GPU powerhouse Nvidia’s entry into the cloud market is differentiated from public cloud leaders by its focus on delivering development tools for training artificial intelligence models and running AI workloads using application containers.
Nvidia CEO Jensen Huang unveiled the “GPU-accelerated cloud platform optimized for deep learning” during the company’s annual technology conference on Wednesday (May 10). Its AI development stack runs on the company’s distribution of Docker containers and is touted as “purpose built” for developing deep learning models on GPUs.
Among the goals is giving AI developers easier access to the growing suite of deep learning software available for AI applications. The on-ramp approach to GPU-based cloud computing addresses growing requirements to gather into a single stack the proliferation of deep learning frameworks, drivers, libraries, operating systems and processors used for AI development.
“We took this incredibly complicated [software] stack and containerized it,” Huang stressed. Once these frameworks and other software building blocks were bundled, Nvidia created a cloud registry for the development stack to speed development of deep learning machines. “You download the container of your choice,” Huang added.
The software components within Nvidia’s AI supercomputer are bundled into a Docker container the company calls the Nvidia Graphics Cloud software stack. The idea is to make the up-to-date stack more readily available while optimizing performance.
The GPU cloud approach also addresses the computing resources needed to train neural networks, the company stressed. Developers could run the stack on GPU-powered machines, on Nvidia’s DGX systems or “the ten thousand GPUs that are in the cloud,” Huang said.
In one click, a single instance is created in the GPU cloud, the desired container is downloaded and “we burst your workload into the cloud,” the Nvidia CEO explained. “This is really the first hybrid, deep learning cloud computing platform.”

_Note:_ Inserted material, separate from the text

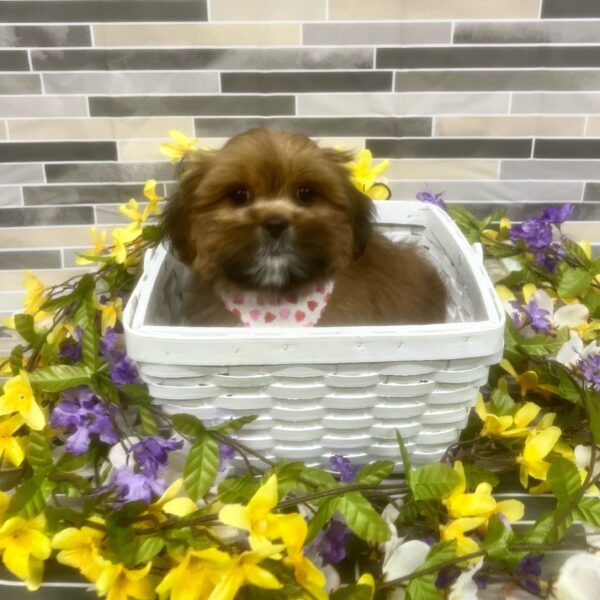 Lhasa Apso-DOG-Female-Red-7099-Petland Fort Walton Beach, FL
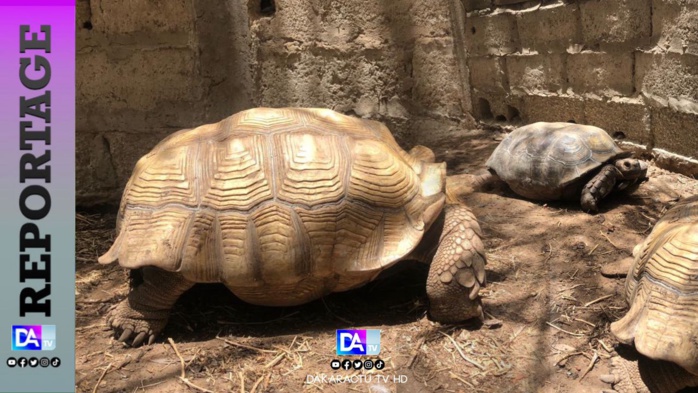Journée mondiale de la Tortue : L’histoire jamais racontée de l’une des plus anciennes créatures de l’humanité Journée mondiale de la Tortue : L’histoire jamais racontée de l’une des plus anciennes créatures de l’humanité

The graphics processor vendor based in Santa Clara, Calif., also announced the latest iteration of its Volta chip architecture, a high-end GPU dubbed Tesla V100 designed to power emerging AI development.
The combination of cutting edge graphics processing and scalable cloud computing resources is intended to attract a growing legion of AI developers who could leverage the service to build models of varying sizes, and then move them from prototyping to deployment in production via Docker containers.
The combination of the new graphics processor, the GPU cloud and AI software bundled and delivered in containers is seen by market watchers as a new way to boost AI development.
“The majority of deep learning applications will be run in cloud and hyper-scale environments, and the [Docker container] implementation lets users design on their own GPU systems then migrate to the cloud,” explained Addison Snell, CEO of Intersect360 Research.
The deep learning software stack is the “most interesting use of containers I’ve seen,” Snell added.
Huang said the GPU cloud platform would be available for beta testing in July. Pricing details would follow later, the company added.
–Tiffany Trader contributed to this report.